Bottom Line: Under the new standards, these procedures and questions are now required and will become standard so don’t be surprised by them – they should be expected.
- Initial Audit Engagements – Opening Balances
Under the old rules (GAAS), when an auditor obtained a new client, he / she was able to use and rely on the opening financial statement balances provided that the client had an audit done in the previous year. Within Canada, it is taken as a given that all auditors are properly trained and governed, and as such the previous audit opinion can be relied upon. With the move to CAS’s (based on International Standards) this assumption regarding auditors training and governance is no longer valid as the new standards must now consider auditors from other countries. The result is that auditors must now obtain their own audit evidence to verify the opening balances of new clients rather than relying on the figures of the previous auditor.
Bottom Line: When switching auditors, additional first year “set-up” costs may be incurred as a result of the new, additional work that auditors must now perform for new clients.
- Subsequent Events
Auditors are required to report all subsequent events (events occurring after the year end) that might materially affect the financial statements. For example, a major contract that is entered into after the year end should be disclosed. This requirement has not changed under the new rules.
What has changed however is the timeframe that auditors must consider for subsequent events. The auditor is required to cover all events up to the date of the financial statements. Under the previous standards, the financial statement date was the day that the auditor substantially completed their audit work. Under the new rules, the financial statement date must be the date that the Board of Directors approves the audit.
For example, in the past, if a corporation had a December 31 year-end and the auditor completed the audit on February 20 the audit report would be dated February 20. The auditor would be responsible to report any material subsequent events up to February 20.
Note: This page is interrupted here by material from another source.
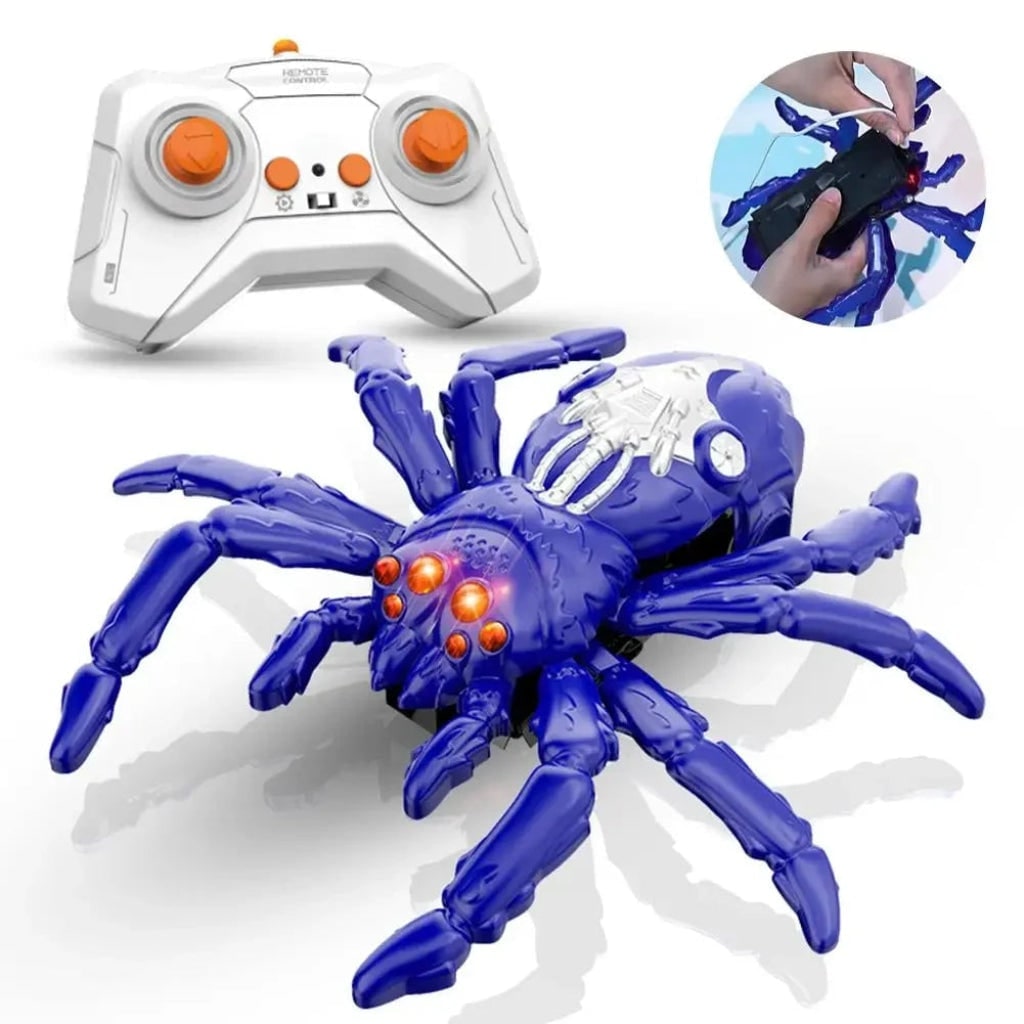 Halloween Remote Control Spider Toy with Glowing LED Eyes and Wall Climbing - Image 8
Under the new rules, if the Board of Directors does not get around to approving the audited financial statements until April 4, the auditor must date the audit report April 4 and complete additional subsequent events testing up to April 4 (which, if there is a material event, may change the audit, requiring a new approval date which would require additional subsequent event testing). As you can see, there is a bit of a catch-22 here.
Bottom Line: Reviewing and approving the audit in a timely manner will ensure that additional follow-up work and subsequent event testing is minimized and the AGM can be scheduled appropriately.
While this does not cover all of the changes relating to the new Canadian Auditing Standards, it does address some of the more significant changes that Boards of Directors should be aware of. You may also notice some other minor items, such as Boards now being required to approve the year-end audit journal entries and additional details that have been added to the standard audit report.
If you have additional questions or concerns regarding these changes, we would encourage you to speak directly to your corporation’s auditor as he / she will be familiar with the new standards being used. We especially encourage you to contact your auditor and your property manager if your year-end date is after December 14, 2010 and you notice that any of the above procedures have not been implemented by your auditor.